What to produce: From the first line of the material through the line containing "Hand-painting on buttercream", restate everything word for word and nothing more.

Data extract:
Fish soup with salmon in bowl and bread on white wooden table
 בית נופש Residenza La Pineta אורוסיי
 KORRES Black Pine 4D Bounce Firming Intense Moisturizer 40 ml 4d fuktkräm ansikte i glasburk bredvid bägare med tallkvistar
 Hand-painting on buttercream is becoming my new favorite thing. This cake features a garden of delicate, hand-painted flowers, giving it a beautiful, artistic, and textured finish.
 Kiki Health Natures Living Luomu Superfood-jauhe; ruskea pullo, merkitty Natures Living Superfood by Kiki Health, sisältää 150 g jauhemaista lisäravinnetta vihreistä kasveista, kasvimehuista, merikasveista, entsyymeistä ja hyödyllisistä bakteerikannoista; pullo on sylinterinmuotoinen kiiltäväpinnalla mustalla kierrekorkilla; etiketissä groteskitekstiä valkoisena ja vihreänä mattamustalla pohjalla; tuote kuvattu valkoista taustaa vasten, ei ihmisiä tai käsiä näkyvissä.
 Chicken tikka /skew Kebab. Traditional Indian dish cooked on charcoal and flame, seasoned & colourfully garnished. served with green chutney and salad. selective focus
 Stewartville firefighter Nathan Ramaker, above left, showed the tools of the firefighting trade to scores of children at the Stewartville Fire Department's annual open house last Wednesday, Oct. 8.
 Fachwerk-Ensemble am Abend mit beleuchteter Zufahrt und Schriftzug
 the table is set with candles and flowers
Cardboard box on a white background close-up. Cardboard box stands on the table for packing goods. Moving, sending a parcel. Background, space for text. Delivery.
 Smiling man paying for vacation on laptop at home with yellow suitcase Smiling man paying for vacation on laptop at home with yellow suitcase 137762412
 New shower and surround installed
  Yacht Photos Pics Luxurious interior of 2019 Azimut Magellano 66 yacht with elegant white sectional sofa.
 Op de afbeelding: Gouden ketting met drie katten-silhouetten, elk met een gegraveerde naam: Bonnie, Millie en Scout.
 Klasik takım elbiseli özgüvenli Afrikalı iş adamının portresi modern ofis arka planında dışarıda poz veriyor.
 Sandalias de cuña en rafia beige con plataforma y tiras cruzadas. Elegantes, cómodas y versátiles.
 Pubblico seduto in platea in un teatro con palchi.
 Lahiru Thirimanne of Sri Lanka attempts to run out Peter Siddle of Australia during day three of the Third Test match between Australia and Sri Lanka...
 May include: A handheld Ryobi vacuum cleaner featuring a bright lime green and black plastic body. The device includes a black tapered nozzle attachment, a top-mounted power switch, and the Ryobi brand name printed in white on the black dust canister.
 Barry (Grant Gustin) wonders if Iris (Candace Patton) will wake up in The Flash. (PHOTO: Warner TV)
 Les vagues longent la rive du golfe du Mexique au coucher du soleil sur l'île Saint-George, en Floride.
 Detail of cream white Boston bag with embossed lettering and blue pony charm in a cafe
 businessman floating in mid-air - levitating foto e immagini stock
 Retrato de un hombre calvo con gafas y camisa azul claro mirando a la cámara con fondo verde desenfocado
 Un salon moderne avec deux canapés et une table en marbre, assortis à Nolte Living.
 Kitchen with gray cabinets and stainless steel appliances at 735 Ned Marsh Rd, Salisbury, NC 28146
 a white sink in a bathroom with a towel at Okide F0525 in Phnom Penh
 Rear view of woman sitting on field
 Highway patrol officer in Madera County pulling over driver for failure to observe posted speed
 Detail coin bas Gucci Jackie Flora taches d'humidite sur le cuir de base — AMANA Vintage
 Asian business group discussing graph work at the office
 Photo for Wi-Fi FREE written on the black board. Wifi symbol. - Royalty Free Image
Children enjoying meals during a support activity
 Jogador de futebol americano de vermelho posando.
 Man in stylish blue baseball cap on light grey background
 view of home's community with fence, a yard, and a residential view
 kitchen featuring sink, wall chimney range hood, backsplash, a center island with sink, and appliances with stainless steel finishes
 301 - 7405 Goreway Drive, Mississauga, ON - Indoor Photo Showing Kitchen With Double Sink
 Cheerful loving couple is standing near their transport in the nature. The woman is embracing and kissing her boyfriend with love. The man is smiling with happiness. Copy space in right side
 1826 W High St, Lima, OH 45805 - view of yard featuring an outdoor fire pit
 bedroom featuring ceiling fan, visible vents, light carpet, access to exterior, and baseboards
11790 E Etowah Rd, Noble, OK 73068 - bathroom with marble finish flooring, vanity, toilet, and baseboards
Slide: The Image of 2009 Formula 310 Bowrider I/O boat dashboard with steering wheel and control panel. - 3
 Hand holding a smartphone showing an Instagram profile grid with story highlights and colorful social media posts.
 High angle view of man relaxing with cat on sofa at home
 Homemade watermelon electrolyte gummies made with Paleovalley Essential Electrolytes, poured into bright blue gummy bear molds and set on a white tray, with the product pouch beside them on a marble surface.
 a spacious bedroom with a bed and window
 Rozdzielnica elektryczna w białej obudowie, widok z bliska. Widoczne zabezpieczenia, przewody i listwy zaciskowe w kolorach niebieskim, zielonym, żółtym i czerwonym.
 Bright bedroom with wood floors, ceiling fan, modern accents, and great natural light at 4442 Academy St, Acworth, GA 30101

Task result:
Fish soup with salmon in bowl and bread on white wooden table
 בית נופש Residenza La Pineta אורוסיי
 KORRES Black Pine 4D Bounce Firming Intense Moisturizer 40 ml 4d fuktkräm ansikte i glasburk bredvid bägare med tallkvistar
 Hand-painting on buttercream is becoming my new favorite thing. This cake features a garden of delicate, hand-painted flowers, giving it a beautiful, artistic, and textured finish.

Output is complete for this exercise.